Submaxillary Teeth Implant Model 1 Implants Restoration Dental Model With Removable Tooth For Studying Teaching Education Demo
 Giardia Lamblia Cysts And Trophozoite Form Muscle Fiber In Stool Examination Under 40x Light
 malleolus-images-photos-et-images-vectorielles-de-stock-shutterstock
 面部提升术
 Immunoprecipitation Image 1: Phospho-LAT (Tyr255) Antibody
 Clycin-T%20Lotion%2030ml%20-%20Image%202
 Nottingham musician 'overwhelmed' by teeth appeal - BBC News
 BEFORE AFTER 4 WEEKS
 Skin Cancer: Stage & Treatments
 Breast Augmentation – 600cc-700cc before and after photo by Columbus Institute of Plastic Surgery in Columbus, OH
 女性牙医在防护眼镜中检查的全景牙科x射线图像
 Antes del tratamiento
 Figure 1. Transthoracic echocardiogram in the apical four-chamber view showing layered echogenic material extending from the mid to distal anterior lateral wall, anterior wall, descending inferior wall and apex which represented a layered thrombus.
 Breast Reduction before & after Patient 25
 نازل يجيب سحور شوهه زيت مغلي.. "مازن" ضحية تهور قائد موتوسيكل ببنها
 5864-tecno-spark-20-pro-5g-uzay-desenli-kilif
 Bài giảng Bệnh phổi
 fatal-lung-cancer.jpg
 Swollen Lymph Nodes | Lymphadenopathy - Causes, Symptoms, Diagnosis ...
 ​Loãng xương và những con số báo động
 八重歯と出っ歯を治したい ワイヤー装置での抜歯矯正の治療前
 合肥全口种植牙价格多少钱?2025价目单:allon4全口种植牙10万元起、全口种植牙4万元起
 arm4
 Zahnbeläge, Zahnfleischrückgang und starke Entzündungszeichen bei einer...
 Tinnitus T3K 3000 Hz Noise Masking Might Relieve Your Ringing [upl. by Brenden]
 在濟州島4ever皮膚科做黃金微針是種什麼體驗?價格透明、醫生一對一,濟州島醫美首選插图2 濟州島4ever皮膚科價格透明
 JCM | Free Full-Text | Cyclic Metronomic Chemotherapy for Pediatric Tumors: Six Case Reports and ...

■ ■ ■ ■ ■

Output nothing but the line containing "在濟州島4ever皮膚科做黃" and each line after it in the entries above, exactly as written.

» COMPLETED EXERCISE:
 在濟州島4ever皮膚科做黃金微針是種什麼體驗?價格透明、醫生一對一,濟州島醫美首選插图2 濟州島4ever皮膚科價格透明
 JCM | Free Full-Text | Cyclic Metronomic Chemotherapy for Pediatric Tumors: Six Case Reports and ...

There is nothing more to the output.